Amazon AWS and iPython Notebook

Amazon Web Services (AWS) offer easy-to-use and cheap cloud computing on demand - the elastic cloud computing (EC2). I’ve been using it for several of my projects and I found that using spot instances is an extremely useful and effective way to test/experiment with your ideas.

In this post, I will show you how to set up iPython Notebook which you can then access from your web-browser. Please note, that I will be installing nVidia’s drivers and CUDA so that you can use Theano to speed up your calculations using GPU.

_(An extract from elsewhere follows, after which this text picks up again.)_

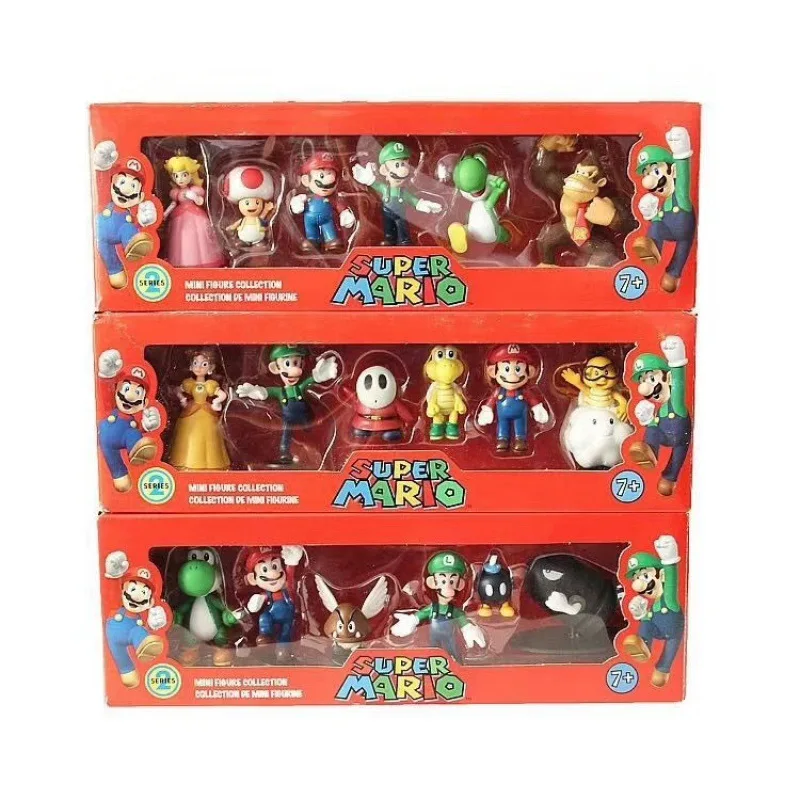 6pcs/set Super Mario Bros Anime Figure Model Cartoon Dolls Game Character Collectible Puppets Action Toy Desktop Decoration Gift
6pcs/set Super Mario Bros Anime Figure Model Cartoon Dolls Game Character Collectible Puppets Action Toy Desktop Decoration Gift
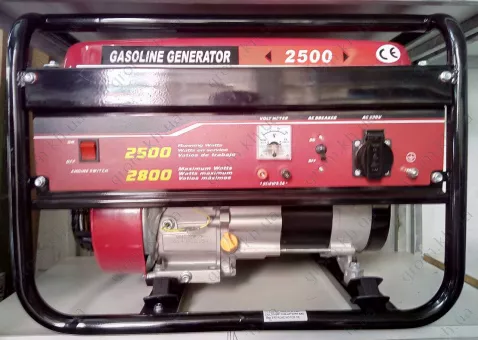 Фото 1- Бензиновый генератор Weima WM2500 (2,5 кВт)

Installing Ubuntu Packages

After you start your GPU large instance and connect to it using SSH just install these packages

sudo apt-get -y install gfortran
sudo apt-get -y install libblas-dev libatlas-dev liblapack-dev
sudo apt-get -y install freetype*
sudo apt-get -y install pkg-config 
sudo apt-get -y install gcc
sudo apt-get -y install g++
sudo apt-get -y install build-essential
sudo apt-get -y install git
sudo apt-get -y install wget
sudo apt-get -y install linux-image-generic
sudo apt-get -y install cmake

# install python stuff
sudo apt-get -y install python-dev python-pip

# install virtual environments
sudo pip install virtualenvwrapper

# install CUDA
sudo wget http://developer.download.nvidia.com/compute/cuda/repos/ubuntu1404/x86_64/cuda-repo-ubuntu1404_6.5-14_amd64.deb
sudo dpkg -i cuda-repo-ubuntu1404_6.5-14_amd64.deb
sudo apt-get update 
sudo apt-get -y install cuda

Then, we can add CUDA’s lib and bin to bashrc

echo -e "\nexport PATH=/usr/local/cuda-6.5/bin:$PATH\n\nexport LD_LIBRARY_PATH=/usr/local/cuda-6.5/lib64" >> .bashrc

Reboot

sudo reboot

And then test if CUDA works as it is supposed to be

#test CUDA
cuda-install-samples-6.5.sh ~/
cd NVIDIA_CUDA-6.5_Samples/1_Utilities/deviceQuery
make
./deviceQuery

Setting-up Python

I prefer to use Python’s virtual environments to keep each python environment separate.

mkdir ~/.virtualenvs
cd .virtualenvs/

mkvirtualenv --no-site-packages quantTest
workon quantTest

pip install nose
pip install numpy
pip install scipy
pip install pygments
pip install mysql-python
pip install matplotlib
pip install pandas

pip install feedparser
pip install lxml
pip install beautifulsoup4
pip install requests
pip install cython

pip install pyzmq

pip install tornado
pip install jinja2
pip install PySide

pip install ipython

pip install scikit-learn
pip install scikit-image

pip install joblib
pip install pyyaml
pip install --upgrade --no-deps git+git://github.com/Theano/Theano.git
pip install --upgrade --no-deps git+git://github.com/benanne/Lasagne.git
pip install --upgrade --no-deps git+git://github.com/dnouri/nolearn.git

git clone git://github.com/lisa-lab/pylearn2.git
cd pylearn2
python setup.py develop

Setting-up iPython

First of all, create a password in python

from IPython.lib import passwd
passwd()
Enter password:
Verify password:
sha1:def70021a545:7b799f5ecfXXXXXXXXXXXXXXXXXXXXXXXXXXXXX

Then, create a certificate for notebook

mkdir .ssh
cd .ssh
openssl req -x509 -nodes -days 365 -newkey rsa:1024 -keyout mycert.pem -out mycert.pem

Followed by creating a iPython profile

ipython profile create quantServer

Then, modify the profile .ipython/profile_quantServer

c = get_config()

# Kernel config
c.IPKernelApp.pylab = 'inline'  # if you want plotting support always

# Notebook config
c.NotebookApp.certfile = u'/home/ubuntu/.ssh/mycert.pem'
c.NotebookApp.ip = '*'
c.NotebookApp.open_browser = False
c.NotebookApp.password = u'sha1:def70021a545:7b799f5ecfXXXXXXXXXXXXXXXXXXXXXXXXXXXXX'
# Put it on a fixed port
c.NotebookApp.port = 9999

Run iPython Notebook

After all this, we can finally run iPython Notebook on our server by simply calling

ipython notebook --profile=quantServer

And that’s it! After this, you can connect to your server on port 9999 and enjoy iPython. Once finished, you can create an amazon image (AMI) and use it in future to set up your spot instance and avoid running all these scripts over and over again.